I have been racking my brain around a current networking project that I need to complete in the next few weeks while meeting the objectives below:
Connect two different sub-nets (192.168.30.0/24 & 192.168.63.0/24) together at one of my locations to my Balance 380.
Create an IPsec tunnel to a remote site for the 192.168.63.0/24 network to utilize. (I know this can be done with an Outbound policy, setting one for the path to utilize the IPsec tunnel).
Isolate the IPsec tunnel from my network, only allowing access to the 192.168.63.0/24 network. The remote network already utilizes multiple sub-nets that I have currently deployed (and cannot change) and do not wish to grant additional access to my LANs.
I would like my sub-nets to have the ability to access the 63 network and vice-versa, but the IPsec tunnel traffic can only access the 63 network.
Any proposed network equipment for building B preferably needs to take native DC power (either 12V, 24V, 48V), the MAX-BR1-T is my current plan if a router is needed (cost effective), as there is already an extensive DC power system with battery backup in place.
I have attached two PDFs, one is the current physical network. The second (Thought1.pdf) is my current thought for network layout, but not sure on the configurations needed to best accomplish this project. Thanks for any input the community may have.
Not quite. Here a bit more clarification. I am using PepVPN to connect my Field Offices to the main office. The other agency and vendor that we would be connecting the 192.168.63…0/24 network only supports IPsec.
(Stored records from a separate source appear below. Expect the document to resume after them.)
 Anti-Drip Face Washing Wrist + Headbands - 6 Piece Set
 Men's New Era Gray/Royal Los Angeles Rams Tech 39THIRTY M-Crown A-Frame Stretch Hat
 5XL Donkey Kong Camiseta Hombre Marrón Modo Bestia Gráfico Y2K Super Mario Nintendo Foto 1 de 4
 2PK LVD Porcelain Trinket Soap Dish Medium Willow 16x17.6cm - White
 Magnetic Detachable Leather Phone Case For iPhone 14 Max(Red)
I am trying to get the to deploy a PepVPN capable router to easier connect our two sites, but don;t see that being a feasible option currently.
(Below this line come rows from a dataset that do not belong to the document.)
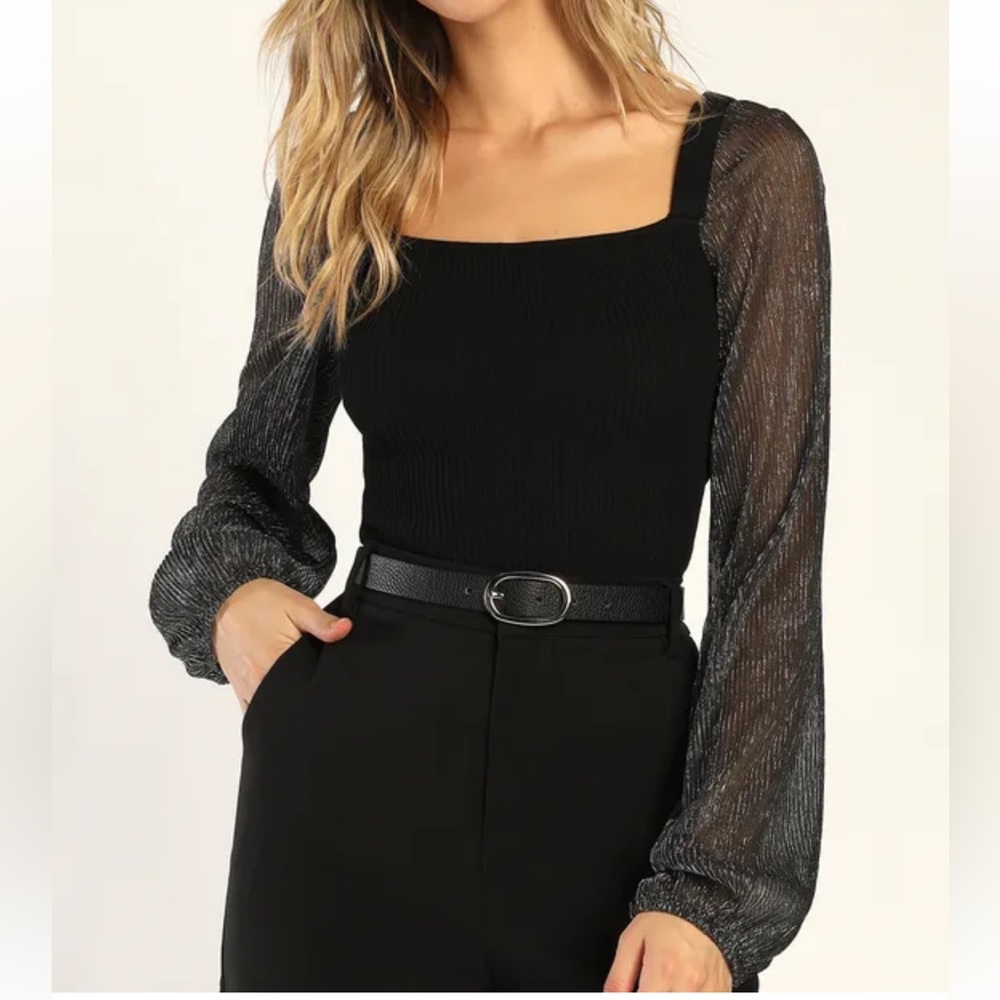 Lulu's Black Top with Sheer Sleeves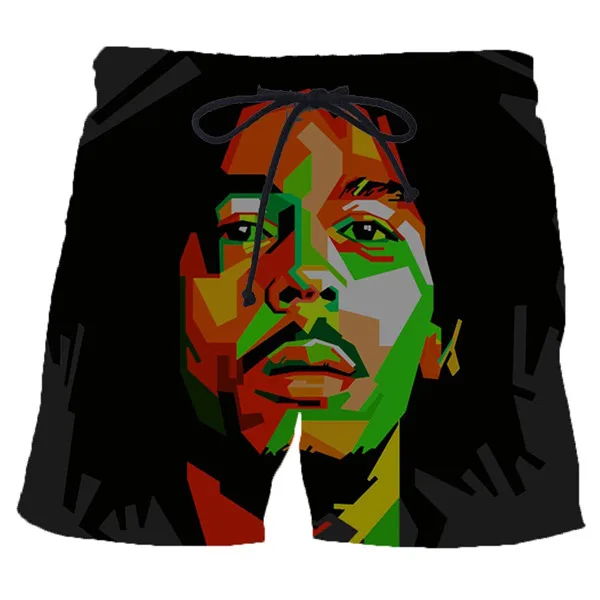 Bob marley 02 Bob marley мужские 3D черные пляжные шорты с принтом тренд готический ветер мужские летние шорты Уличная Повседневная стильная мужская одежда в стиле хип-хоп - Цвет: Bob marley 02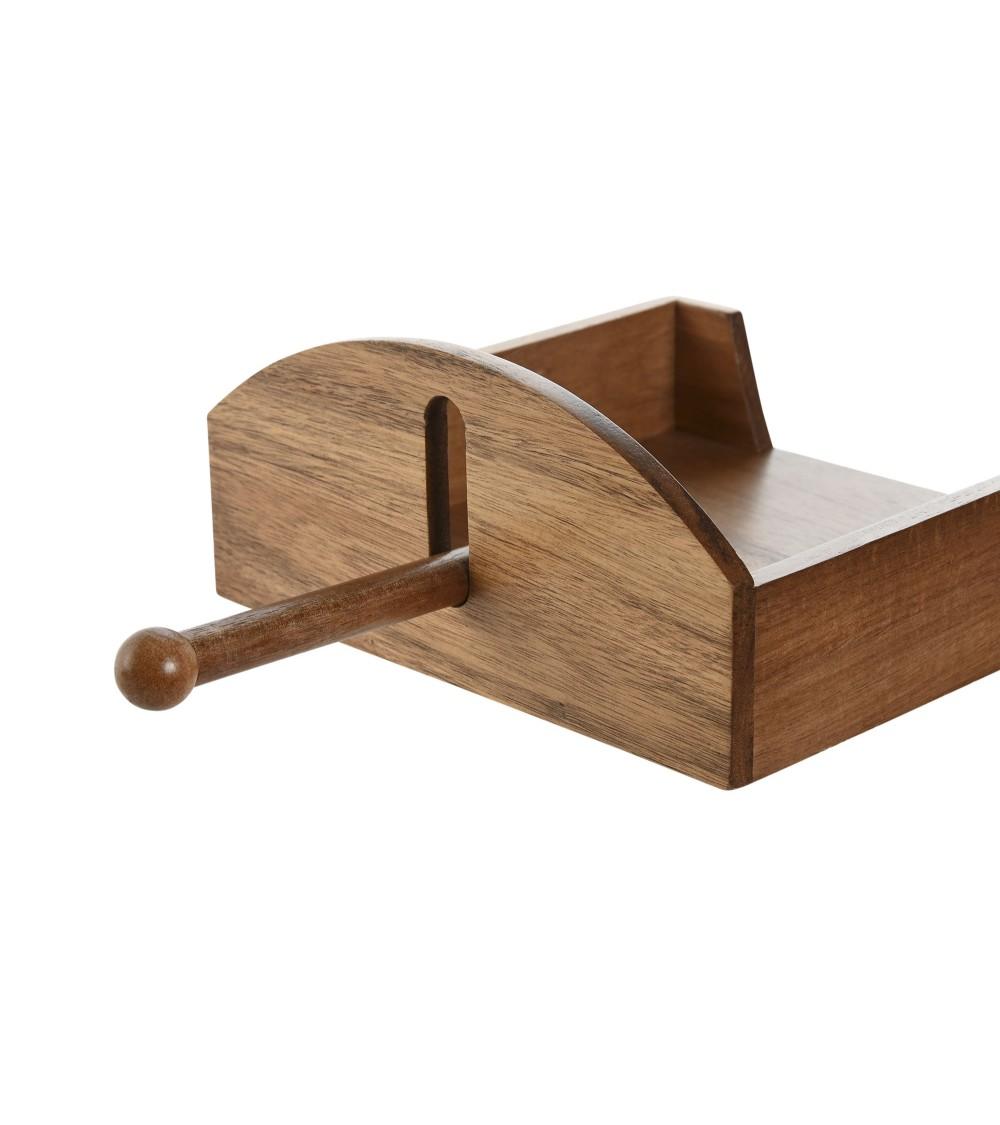 Dcasa Servilletero Marrón Natural Nórdico Acacia De 19x21x8 8 Cm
If it is just a wireless bridge (not going over the internet?, is this just a repeater connecting building a to building b?) Then you would not need to create a VPN. You would just need to create a static route in the B380…I.E:
Network: 192.168.63.0 Subnet Mask: 255.255.255.0 Default Gateway: 192.168.30.2
Once created this will allow the B380 to see the 192.168.63.0 network and will be able to control it by firewall rules/outbound policies.
Question, with the static route you listed above, you had set the gateway to 192.168.30.2.
A) Does this infer that I need a router in building B with an assigned WAN ip of 192.168.30.2?
B) Or is the ip of 192.168.30.2 just used (internally) to route data between sub-nets so equipment with 192.168.63.0/24 address can be on the same physical LAN and communicate?
Configure BR1 WAN interface as IP Forwarding (if you are using BR1). Dashboard > Click “Details” of WAN > Click “?” of Routing Mode > Click “here” > Select IP Forwarding.
Add static route at B380. Network > LAN > Static Route Settings > Enter parameter below:-
Destination Network: 192.168.63.0
Subnet Mask: 255.255.255.0 (/24)
Gateway: 192.168.30.2
Typically, you would still need a layer 3 device. I.E. a switch or something that is adding this second network, in this case a switch or another layer 3 device will get a 192.168.30.x address from the main Balance (which will be the default gateway in the static route) and would NAT to 192.168.63.x address (network address in the static route settings).
Or if using VLANs you would just need a switch in building B that is capable of VLAN Tagging, as this would work as well. It ultimately depends on what equipment you currently have available in that building on which route to go or what device(s) you are planning on adding.
Thanks for the info. As far as hardware goes at this point in time, I could go either way, a managed switch (that support VLAN tagging) or I could implement a router. I’m just trying to figure out the best hardware combination to accomplish the objective.